A pot of silver at the end of the rainbow?
Irish eyes were smiling on Virginia City Friday as celebrants put on green top hats and marched down C Street during the annual Saint Patrick’s Day parade.
The parade’s highlight was a leprechaun, or near facsimile, riding a camel and handing out Irish candy to children watching from wooden sidewalks. The costume was the creative endeavor of Fresno-resident Bill Robinson.
Children of the first-grade class of Hugh Gallagher Elementary School were also in tow, yelling and waving to moms and dads, faces painted green and gold with four-leaf clovers and pots of gold.
Bill Tierney, from Sparks, and Jack Sheets, from Reno, came up for the day to get away from the hustle and bustle of the city and express their Irish heritage.
“I like everything Irish, except I don’t like the Guinness,” said Tierney. “There are only two types of people in the world: Those who are Irish and those that wish they were Irish.”

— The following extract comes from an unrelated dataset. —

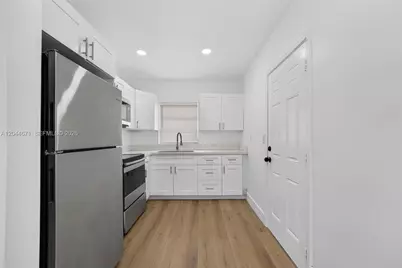 1900 SW 6th St SW 6th St #6, Miami, FL 33135 - Photo 4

Tierney and Sheets said they were waiting for “the girls” to come into town to slow them down at the bars. “It’s just a little retirement fun,” Tierney laughed.
Cathylee James, her daughter Daisy, 5, and son Shyler, 7, got a reprieve from their workdays to scope out the action.

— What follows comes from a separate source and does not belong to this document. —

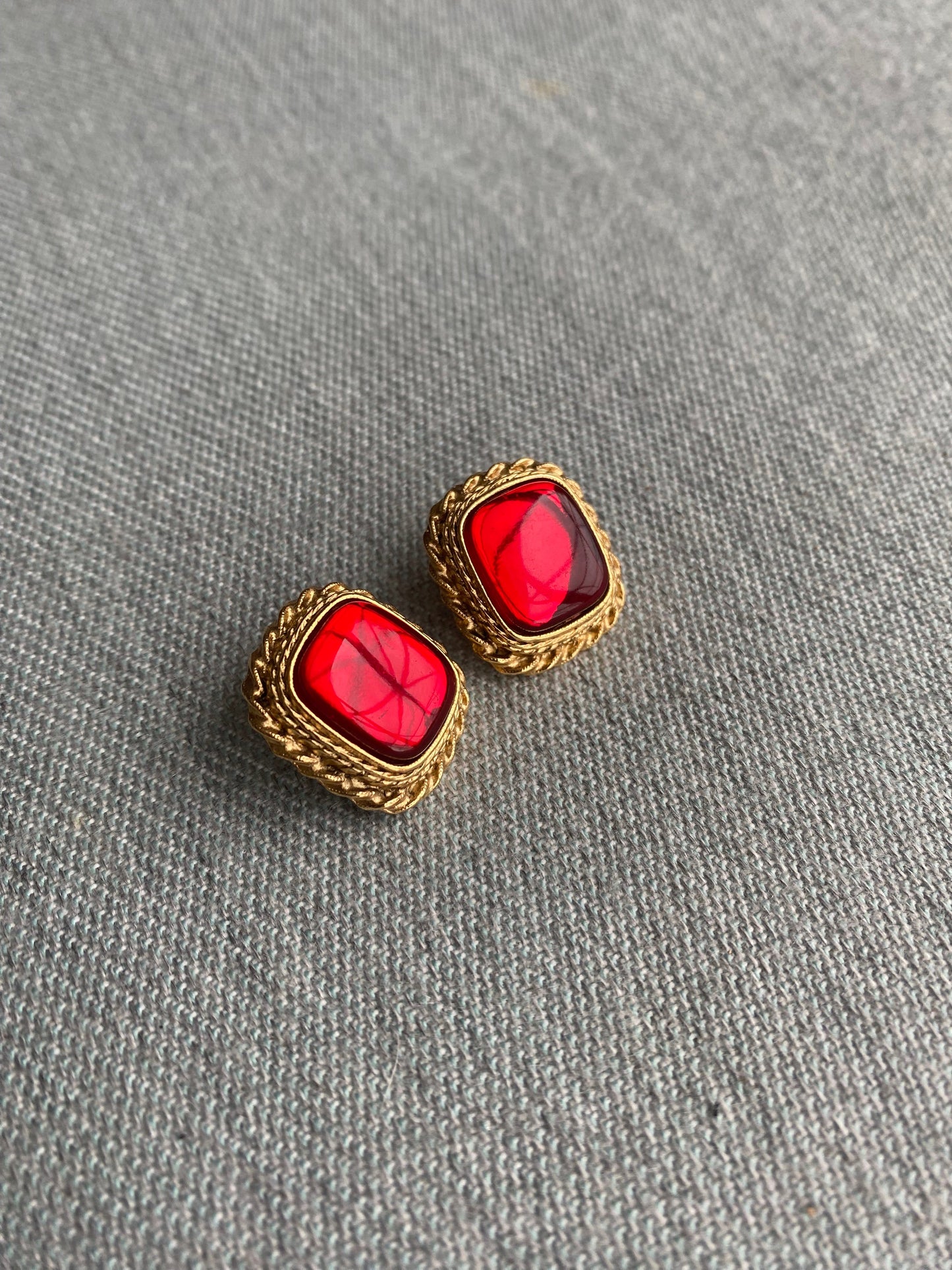 80's Ruby Square Cabachon Gold Rope Pierced Earrings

James’s kids were on their school lunch breaks.
“There are something like 13 parades here a year,” said James, who has lived in Virginia City for several years. “But we always have fun. It’s a chance for everybody to come out and say hi to their neighbors.”
Daisy and Shyler were equally excited about the parade. Both uttered exclamations of “neat” and “cool” as the the Veteran’s of Foreign Wars Dayton Valley Post rolled by, or members or the Virginia City Gunslingers and Saloon Girls came over to hand them candy.
The club also put on a gunfight near the Delta Saloon. Member Larry Deming said the club, which is about five years old, puts on the shows to entertain, no matter what the occasion.
“We pay for all our own stuff and brandish all our own shells,” he said. The club is 35 members strong.
In Carson City, the Sagebrush Sons of Erin, a secret society, honored Bart and Terry Cantua of the Creekside Deli.
The Cantuas received their own blarney stone, complete with a plaque listing their names.
The rock was delivered sometime during the night by the Sons of Erin.
The tradition goes back to 1980 and expresses appreciation for those who have made contributions to the community.
Milt Manoukian was the first recipient of the stone in 1981.